Studies on androgen receptor and androgen receptor antagonists

Bao et al. showed that AR antagonists, enzalutamide and apalutamide, significantly reduced cell proliferation in human U87 GBM cells in vitro and in an in vivo mouse tumor xenograft model; whereas, this effect was not seen in the human p53 mutant harboring U251 cells.[26] The authors suggested that p53 mutations should be checked post-surgery to influence therapeutic strategies.[26] Likewise, in a separate study by Zalcman et al., two AR inhibitors, namely, bicalutamide and enzalutamide, caused dose-dependent apoptotic cell death in three human GBM cell lines (A178G, U87, and T98G) in vitro; though, enzalutamide showed higher efficacy.[27] Furthermore, treatment with enzalutamide resulted in a substantial reduction in tumor volume in a mouse xenograft tumor model.[27] Following this, a study showed that an AR antagonist called flutamide could block the testosterone induced increase in proliferation, cell migration, and invasion of three human GBM cell lines (D54, U87, U251) in vitro.[22] Agreeably, it was recently shown that dutasteride (5 alpha reductase inhibitor), as well as cyproterone and flutamide (AR antagonists), inhibited U87 cell metabolism (viability) and proliferation.[31] Combinations of enzyme inhibitors and AR antagonists enhanced the inhibitory effects and they found that the combination of dutasteride and flutamide was most effective, while the latter also inhibited cell invasion.[31]

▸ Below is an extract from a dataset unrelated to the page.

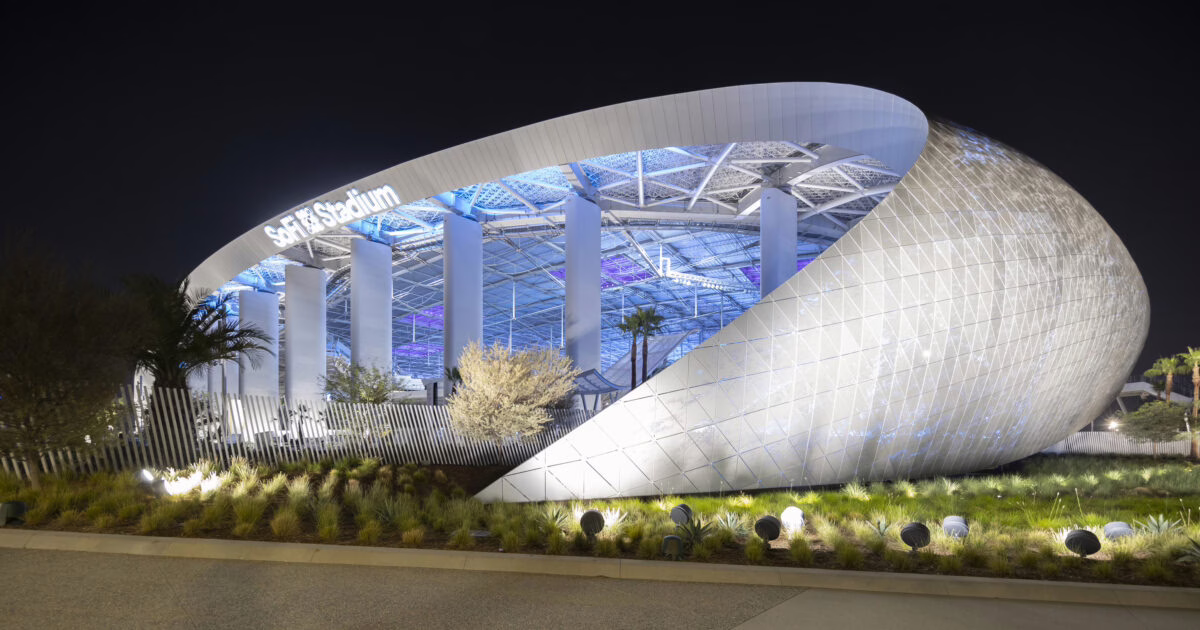 SoFi Stadium in Los Angeles, California — FIFA World Cup 2026 host stadium transportation by Legends Limousine Worldwide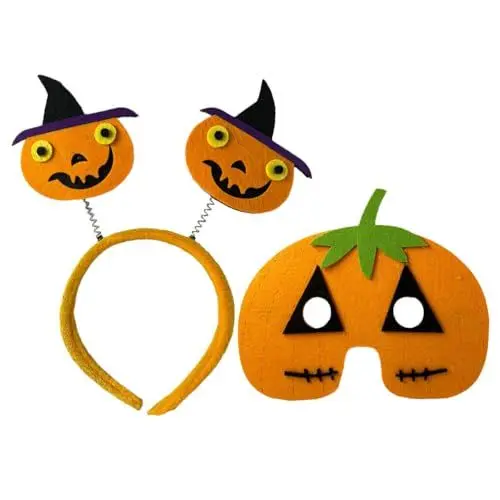 Produktbild: MUCKLILY 1 Satz Halloween-requisiten Kürbismaske Haloween Kürbishaar Halloween-kostüm-stirnband Halloween- Stirnb?nder Für Erwachsene Halloween- Stirnband Schmücken Plastik Kind Karikatur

With regard to AR, it was shown that its knockdown correlated with tumor cell death in vitro.[29] A recent report demonstrated that overexpressing AR in human GBM U87 cells led to increased proliferation and subsequently TMZ resistance in vitro; whereas, knockdown of AR decreased proliferation.[29] They developed a compound called ALZ003 which is structurally analogous to curcumin with the property of degradation of AR protein (designated as Orphan Drug by the Food and Drug Administration [FDA]). ALZ003 downregulated AR, induced oxidative stress (ferroptosis, lipid peroxidation, and accumulation of reactive oxygen species), and inhibited the growth of U87 GBM cells with or without TMZ resistance in vitro and also in a mouse model in vivo.[29] They also used a combination of bioinformatics databases and tools (TCGA, Oncomine, and SurvExpress) to show that AR expression was significantly higher in glioblastoma than in normal brain tissue and high AR expression correlated with poor prognosis.[29] Another recent study reported that cedrol (a sequesterine alcohol that has antimicrobial and anticancer properties) inhibited the growth of GBM cells and induced apoptosis (in synergy with TMZ) in vitro as well as in vivo in mouse models.[36] Interestingly, cedrol inhibited GBM via blocking AR; this was shown using bioinformatics analyses.[36] They also showed that cedrol blocked AR nuclear translocation, reduced cell viability, and mRNA expression of AR activated genes (like KLK3 and TMPRSS2) in DHT-treated cells compared to control.[36] Overall, AR signaling seems to be pro-tumorigenic and AR antagonists have shown some efficacy in vitro and in vivo in animal models.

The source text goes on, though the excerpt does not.